◆ **Problem to solve**: Retype word for word the stretch of entries below from the line that has "Luxury Blush Pink" through the line that has "Babyhug 100% Cotton", and omit the pictures.

◆ **Excerpted records**:
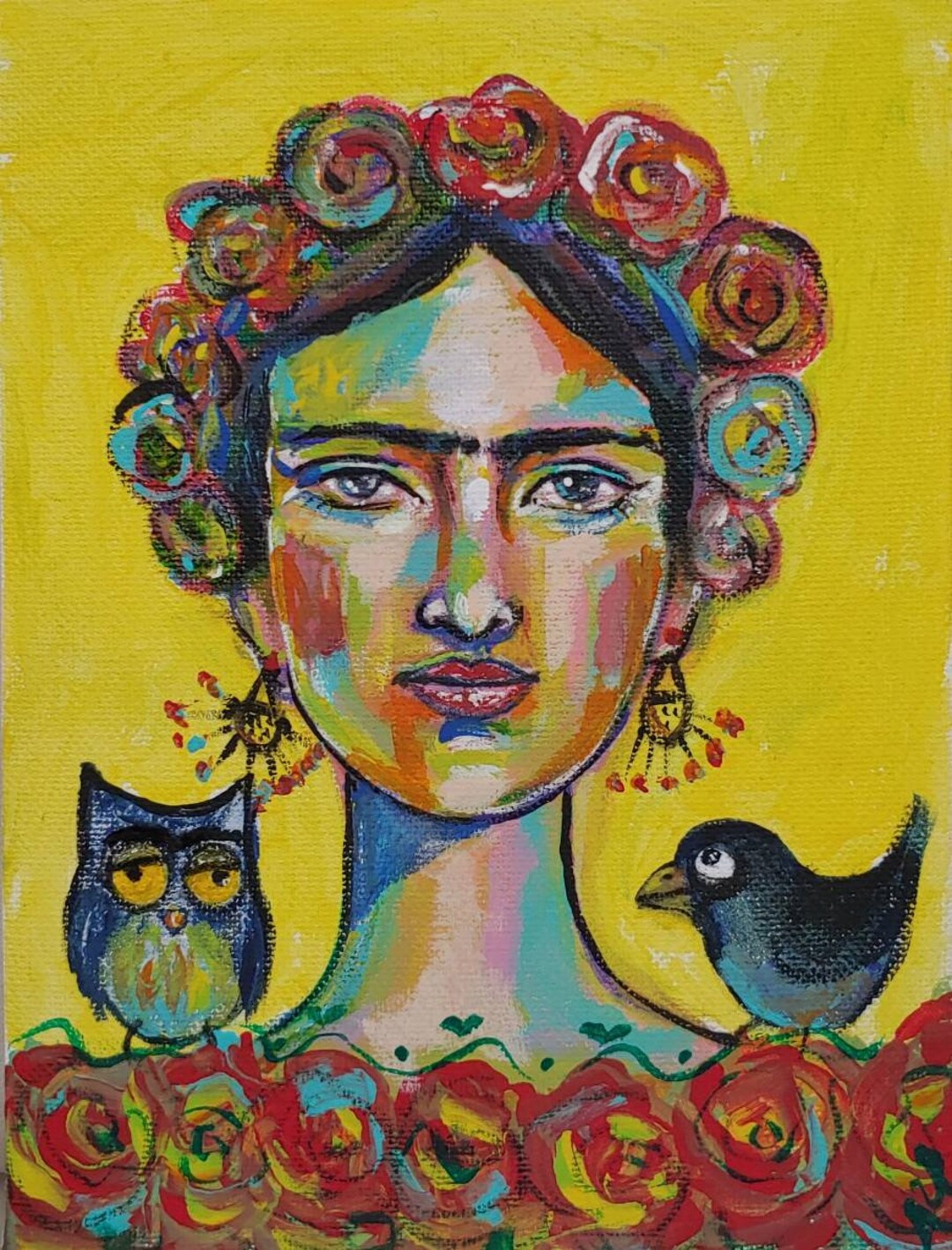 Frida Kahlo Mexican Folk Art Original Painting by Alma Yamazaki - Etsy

---

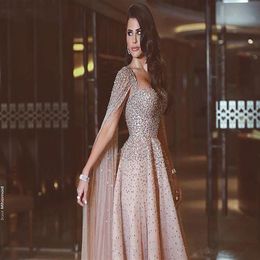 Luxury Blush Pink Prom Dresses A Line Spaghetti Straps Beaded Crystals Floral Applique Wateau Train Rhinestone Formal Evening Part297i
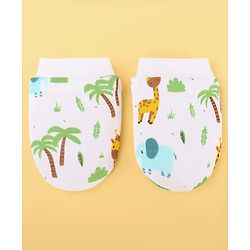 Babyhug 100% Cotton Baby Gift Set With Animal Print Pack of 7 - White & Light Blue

◆ **Answer box**:
 Luxury Blush Pink Prom Dresses A Line Spaghetti Straps Beaded Crystals Floral Applique Wateau Train Rhinestone Formal Evening Part297i
 Babyhug 100% Cotton Baby Gift Set With Animal Print Pack of 7 - White & Light Blue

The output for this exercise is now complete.